When I stepped into my teacher's studio on Wednesday I began to cry. At first I could not understand why this was happening, but it was, so I just let it be and set my mat down to begin practice. The emotion passed, and I let it go.

The viveka moment here lies in what I discovered by going back to study under the guidance of my teacher, choosing to prioritize the moment of practice and the sacred magic that happens in the connection student- teacher…I realized the mistaken interpretation of lack of energy for practice as a lack of love, or interest. I mistakingly assumed that maybe this practice was too intense for me, that perhaps it’s not the only way, that perhaps it’s more important to live then to be on a mat. While all this may be true, and well worth taking into consideration, it was not the truth. It was a misperception, a mistaken interpretation of the truth, due to lack of seeing the truth.

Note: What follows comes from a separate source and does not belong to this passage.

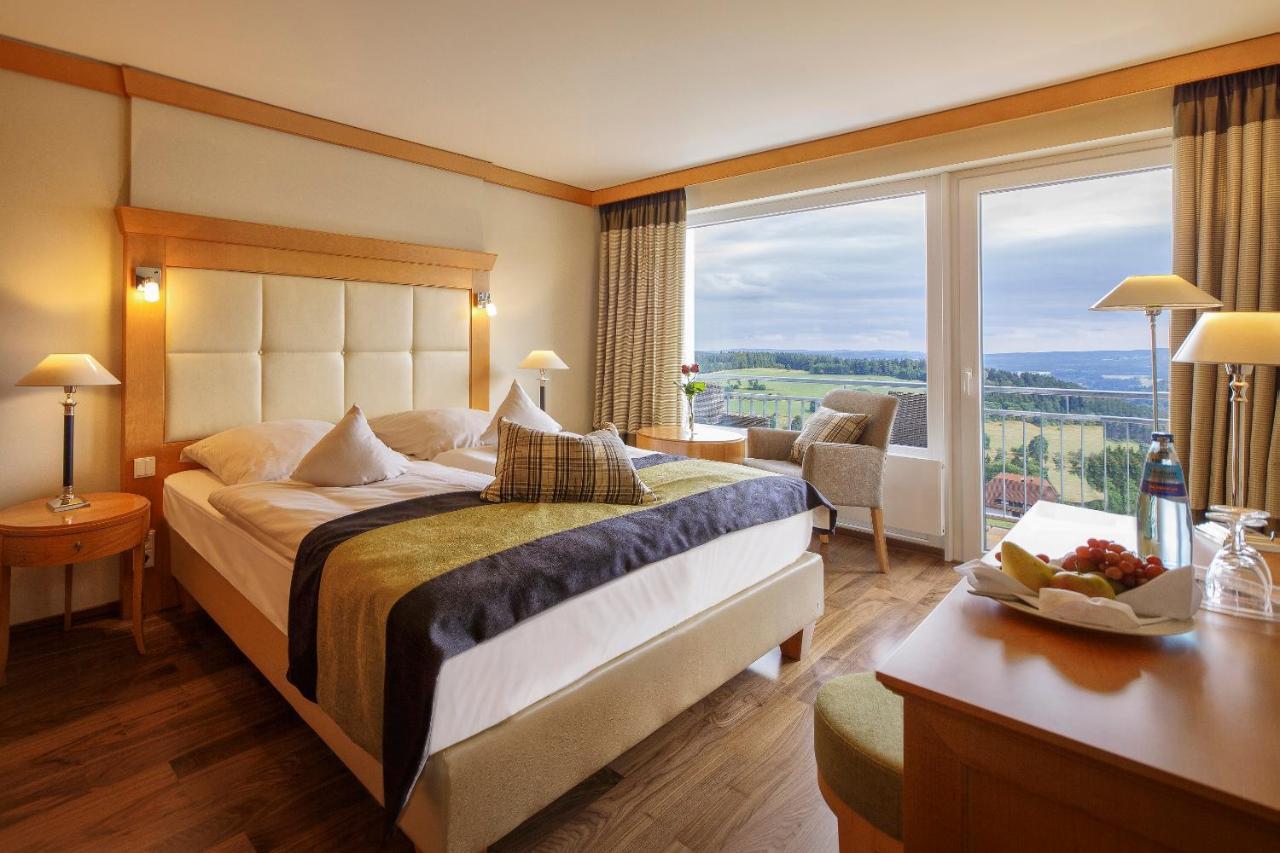 Saigerhoeh Wellness Golf Wandern Ueber Dem Titisee 4* Lenzkirch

Going back to my teacher, there was understanding and insight into what had really happened. I was able to make the distinction - viveka- between lack of love/interest/commitment and needing to prioritize for survival. The practice didn’t take a back seat, it served as a selfless supporter. All it took to see this was going back to the beginning.

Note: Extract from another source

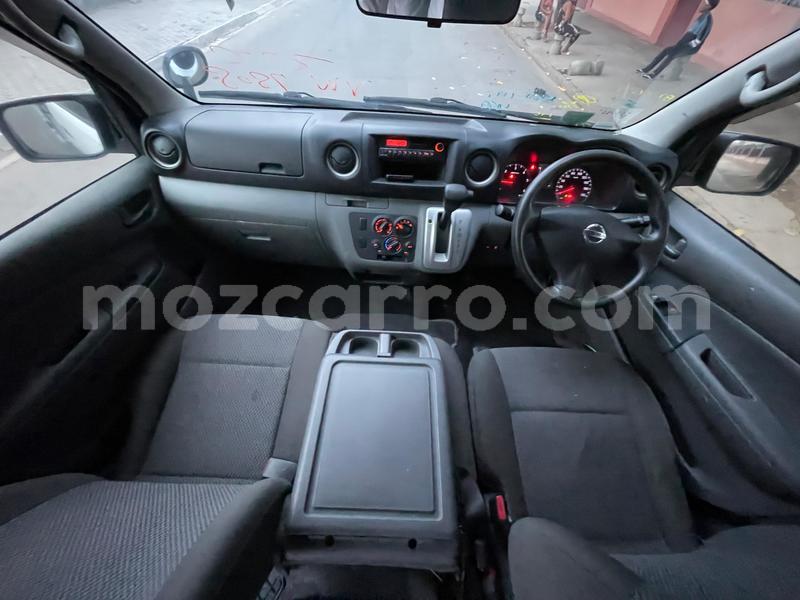 Big with watermark nissan caravan maputo maputo 40587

…And so I leave you with this. Life is a circle, or perhaps many little circles within a big circle. Everything always circles back, and we always have an unplanned, unasked for opportunity to tie back to the beginning and relive something we originally misinterpreted due to a lack of proper Viveka - capacity to make distinctions- and Khyaatih - insight or understanding.

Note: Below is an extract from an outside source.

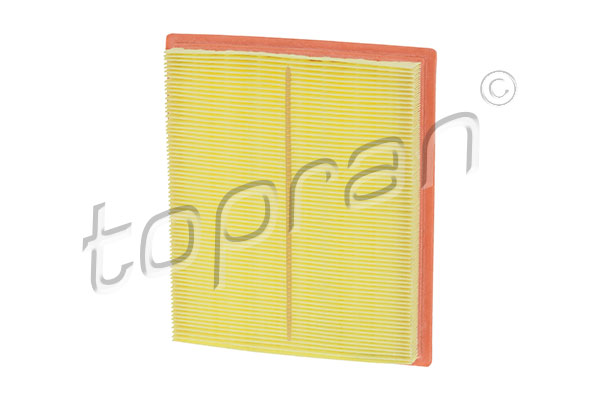 Filtr powietrza TOPRAN 600 026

In Ayurveda they say that each situation or thing in life is made up of 3 stages:

a Kapha stage - beginning, stabilizing, grounding, steady, solid, smooth, soft;

a Pitta stage - middle, transformative, hot, spicy, moving, spreading, sharp;

a Vata stage - end, cold, mobile, clear, dry, fragile, light, rough.

Once a cycle is completed it begins again, without interruption, because one falls into another through major junctions, or transition moments in our lives. Our duty is to put in the work so that we can keep our discernment accurate enough to be able to differentiate and understand what is happening to us at any given time. And to trust that it will circle back.